Zdaniem minister sportu Joanny Muchy decyzja o koncercie Madonny na Stadionie Narodowym była słuszna. Najwyższa Izba Kontroli zarzuca ministerstwu sportu niegospodarność przy wydaniu prawie sześciu milionów złotych na ten koncert.

Joanna Mucha powiedziała na konferencji prasowej, że gdyby nie podjęła takiej decyzji NIK zarzuciłby jej zmarnowanie szansy na promocję Stadionu.

"Inna decyzja podjęta w lutym oznaczałaby, że zrezygnowałam z koncertu, który ma przynieść zysk i fantastyczny bonus promocyjny" - powiedziała. Minister przypomniała, że to był jedyny koncert Madonny w Europie Środkowo-Wschodniej.

Minister podkreśliła, że w trakcie przygotowań popełniono wiele błędów w zarządzaniu tym projektem i stąd poniesiona strata.
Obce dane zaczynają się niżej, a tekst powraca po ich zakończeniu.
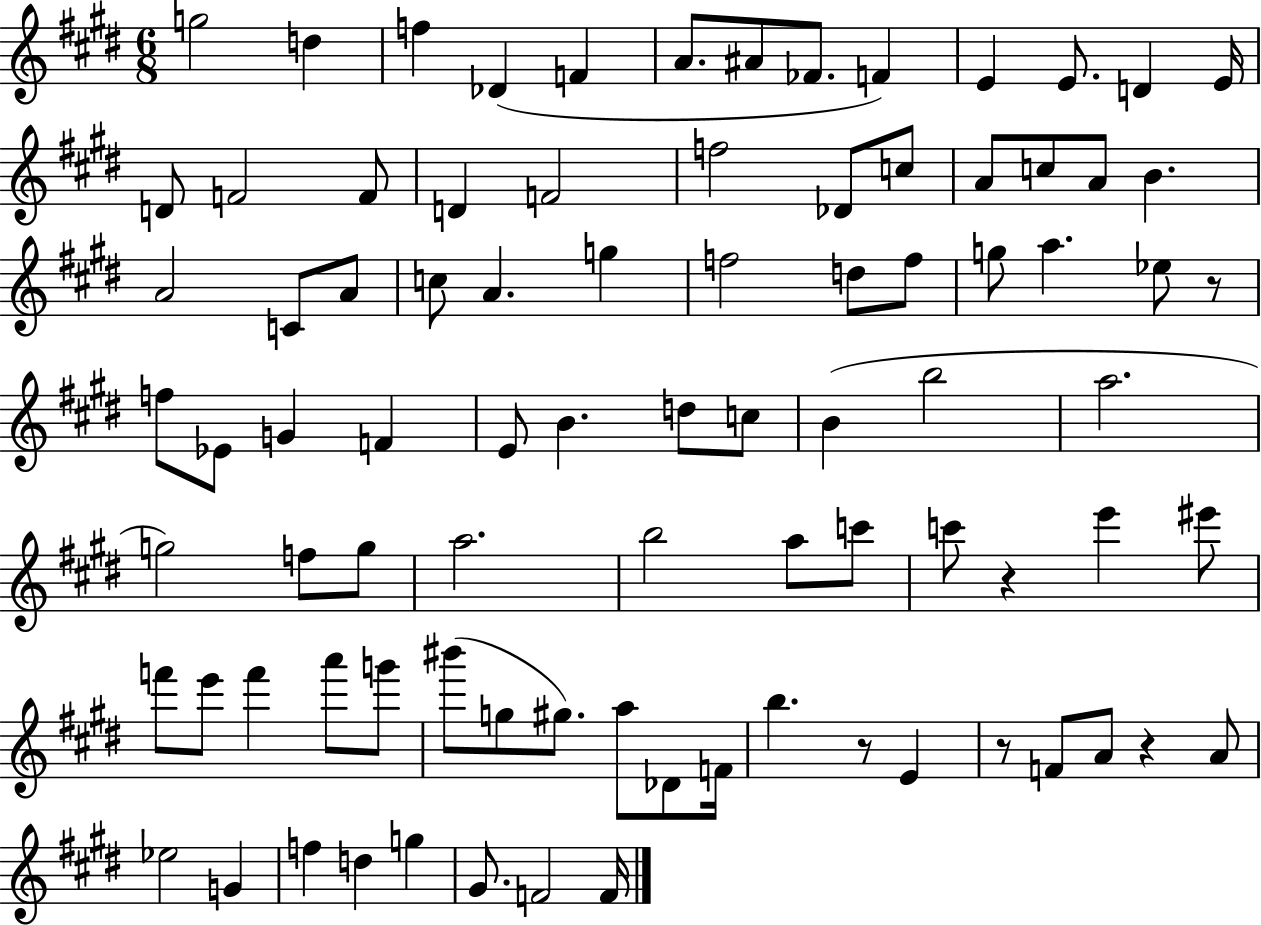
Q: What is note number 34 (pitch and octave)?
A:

Dodała, że konsekwencje w tej sprawie zostały już wyciągnięte.

NIK I w wystąpieniu pokontrolnym zakwestionował legalność i gospodarność wydania 5,8 mln zł, które przeznaczono na sponsorowanie ubiegłorocznego koncertu Madonny.

W ocenie Izby, minister sportu miała prawo kierować do ministra finansów wnioski o uruchomienie kolejnych transz środków z rezerwy celowej także po zakończeniu Euro 2012, ale jedynie na zadania związane z mistrzostwami.